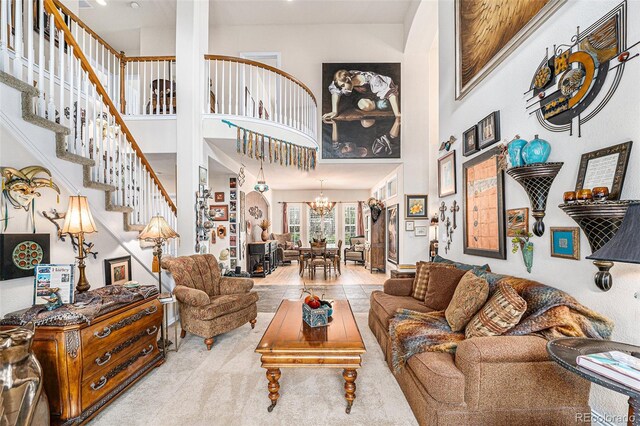 living room with a high ceiling and a notable chandelier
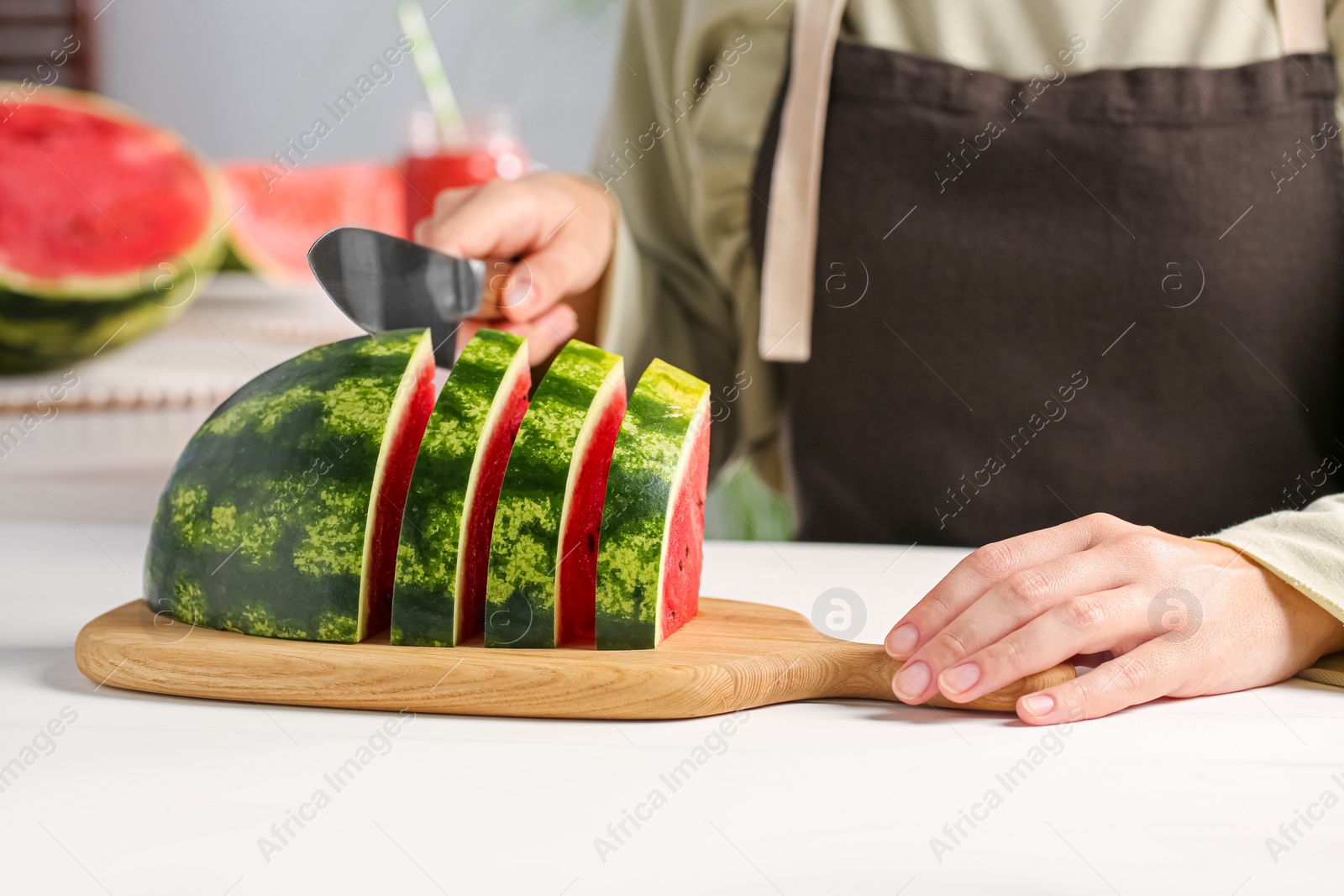 Photo of Woman cutting delicious watermelon at white wooden table indoors, closeup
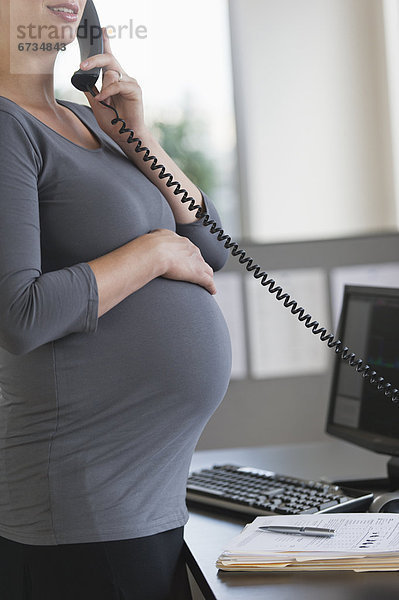 Frau  arbeiten  Schwangerschaft  Büro  jung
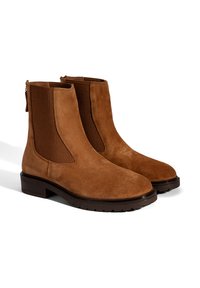 Bottines en suede marron avec des panneaux élastiques sur les côtés, orteils ronds et un petit talon carré. Présente des coutures visibles et une languette pour un enfilage facile.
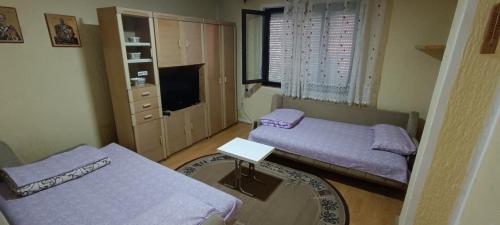 Habitación pequeña con 2 camas y TV. en Apartmani Stojković Kuršumlija en Kuršumlija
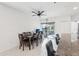 Bright dining area with tile floors, ceiling fan, and sliding glass doors to the lanai at 4324 Desert Rose, Kissimmee, FL 34746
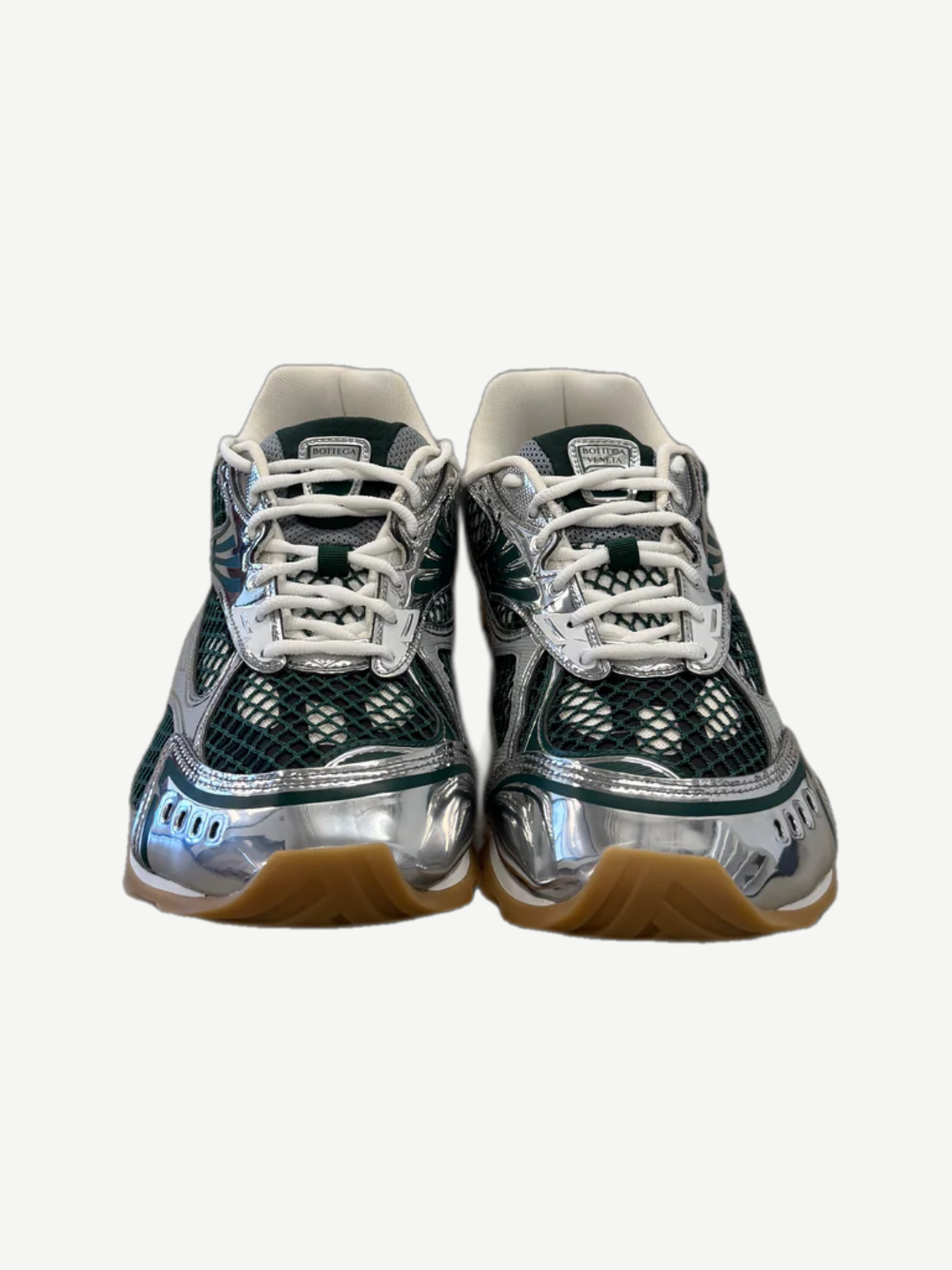 Bottega Veneta Orbit sneaker pair top view with billiard green uppers, silver hardware and bubble bottom sole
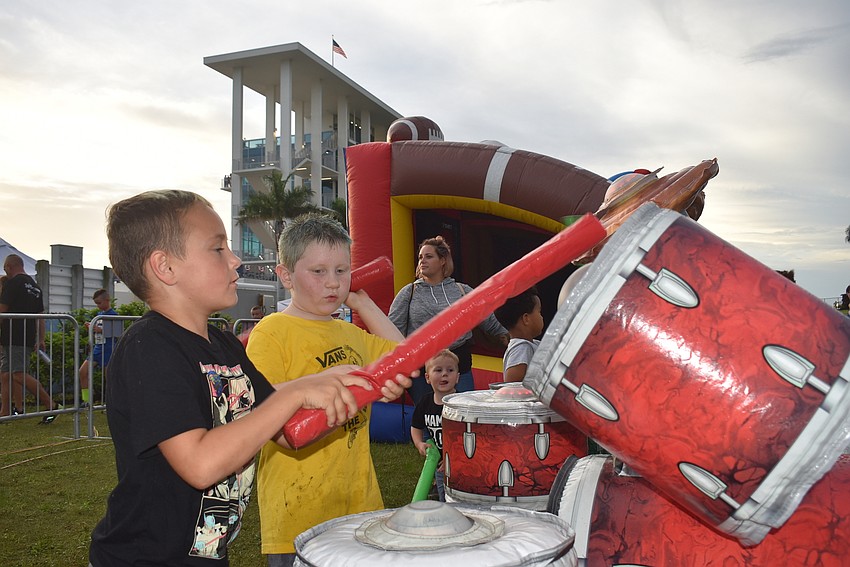 Sarasota resident Riley Gallagher, 7, Venice resident Connor Croce, 7, Sarasota resident Cameron Gallagher, 2, and Bradenton resident Andre McCloud, 4, play with an inflatable drum set in the Kids Zone.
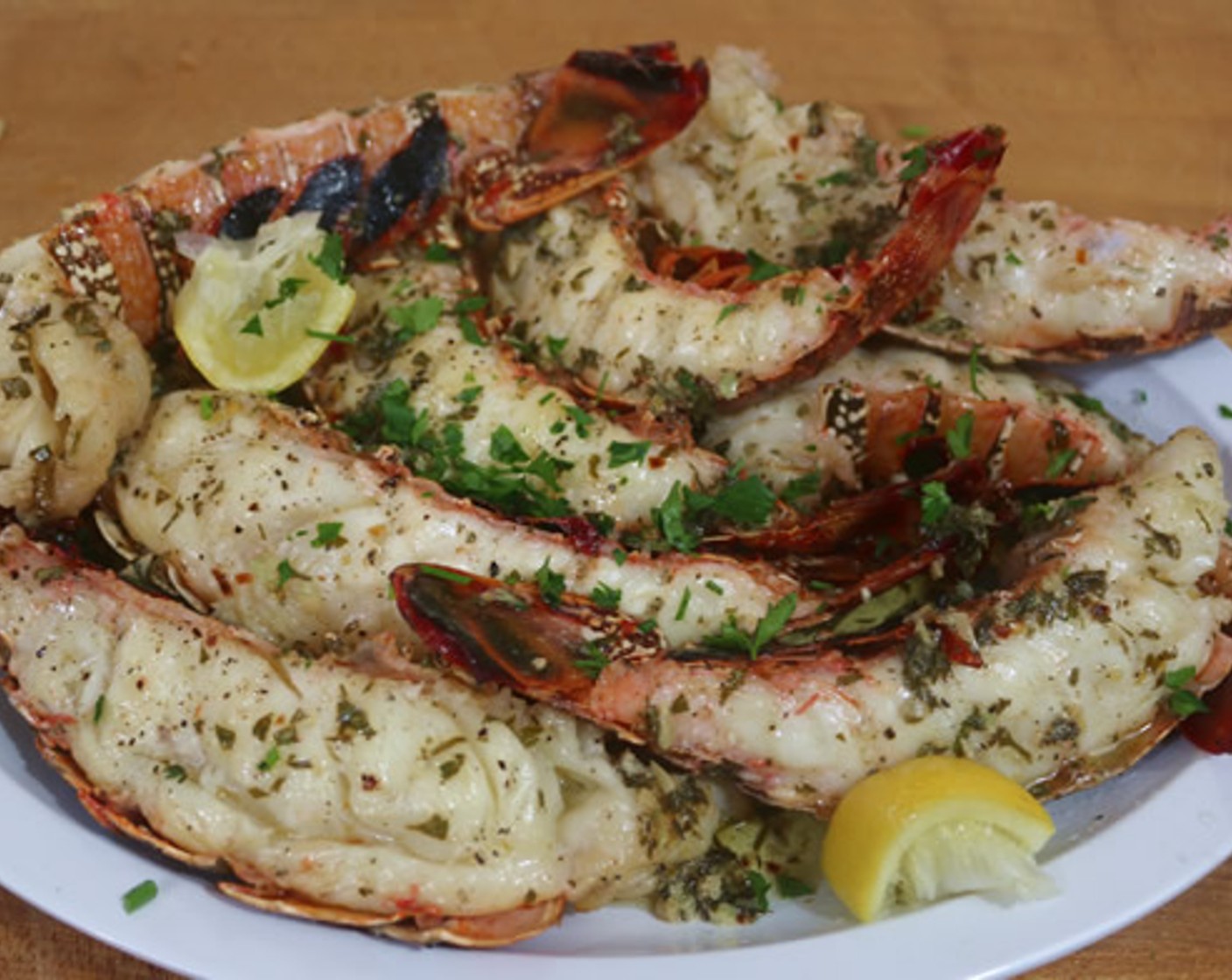 step 8 Serve with remaining butter mixture, fresh parsley, and lemon wedges.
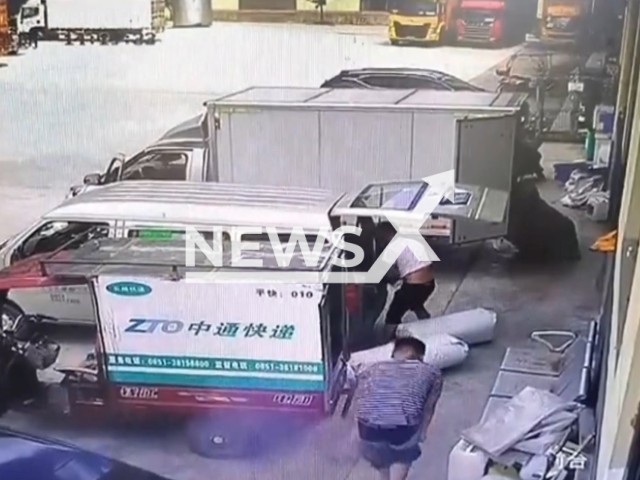 Man takes off his trousers as mobile phone in his pocket starts to smoke in Anshun, China on Monday, Aug. 22, 2022. He reportedly informed the mobile phone manufacturer about the case. Note: This picture is a screenshot from the video. (xx16718567666/AsiaWire).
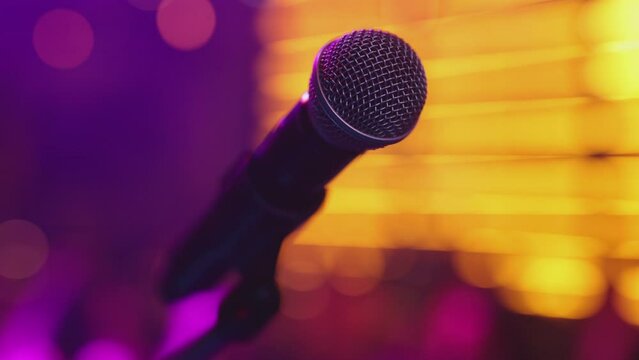 Close-up of microphone in concert hall or stand up club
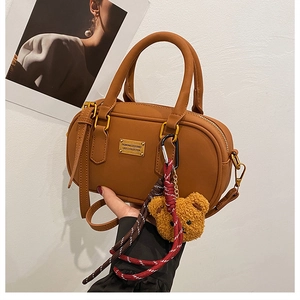 Detailed side view of a brown leather bowling bag with gold logo and plush bear charm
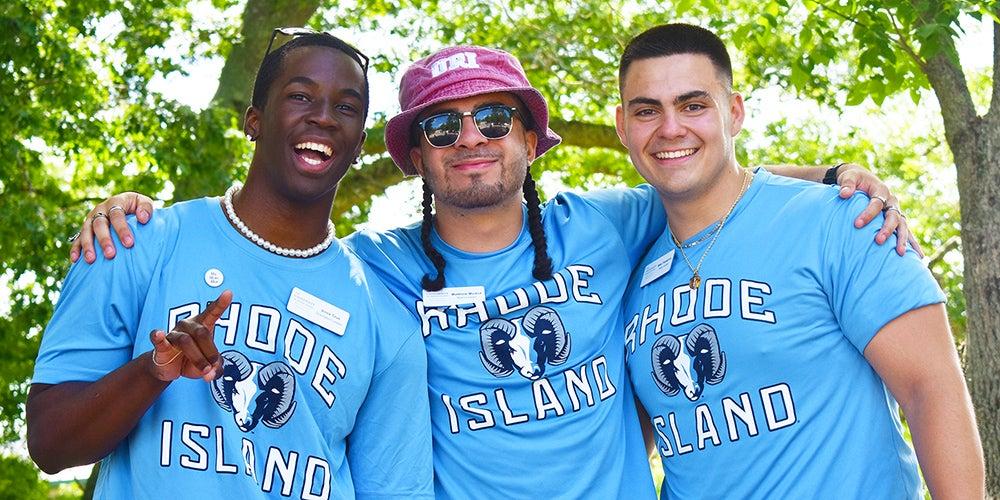 Three smiling students in matching &ldquo;Rhode Island&rdquo; T‑shirts stand outdoors with arms around each other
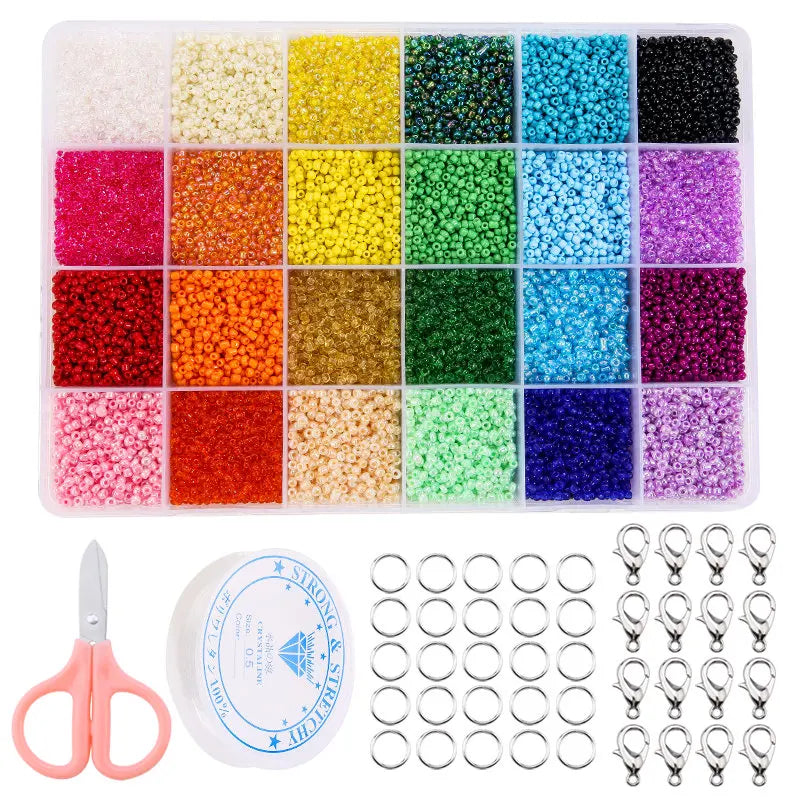 A storage tray filled with 24 colors of glass seed beads and a pair of pliers for jewelry making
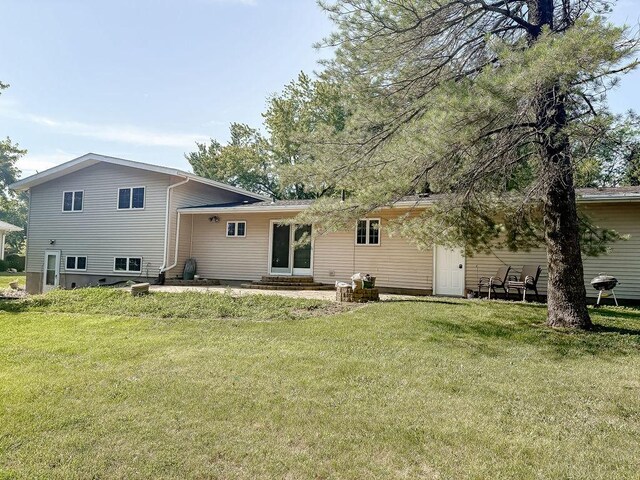 202 E 8th St, Gridley, IL 61744 - back of property featuring a lawn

• What is expected: Your reply should consist of the data, transcribed exactly, and should hold no pictures.

• The completed task:
 living room with a high ceiling and a notable chandelier
 Photo of Woman cutting delicious watermelon at white wooden table indoors, closeup
 Frau  arbeiten  Schwangerschaft  Büro  jung
 Bottines en suede marron avec des panneaux élastiques sur les côtés, orteils ronds et un petit talon carré. Présente des coutures visibles et une languette pour un enfilage facile.
 Habitación pequeña con 2 camas y TV. en Apartmani Stojković Kuršumlija en Kuršumlija
 Bright dining area with tile floors, ceiling fan, and sliding glass doors to the lanai at 4324 Desert Rose, Kissimmee, FL 34746
 Bottega Veneta Orbit sneaker pair top view with billiard green uppers, silver hardware and bubble bottom sole
 Sarasota resident Riley Gallagher, 7, Venice resident Connor Croce, 7, Sarasota resident Cameron Gallagher, 2, and Bradenton resident Andre McCloud, 4, play with an inflatable drum set in the Kids Zone.
 step 8 Serve with remaining butter mixture, fresh parsley, and lemon wedges.
 Man takes off his trousers as mobile phone in his pocket starts to smoke in Anshun, China on Monday, Aug. 22, 2022. He reportedly informed the mobile phone manufacturer about the case. Note: This picture is a screenshot from the video. (xx16718567666/AsiaWire).
 Close-up of microphone in concert hall or stand up club
 Detailed side view of a brown leather bowling bag with gold logo and plush bear charm
 Three smiling students in matching &ldquo;Rhode Island&rdquo; T‑shirts stand outdoors with arms around each other
 A storage tray filled with 24 colors of glass seed beads and a pair of pliers for jewelry making
 202 E 8th St, Gridley, IL 61744 - back of property featuring a lawn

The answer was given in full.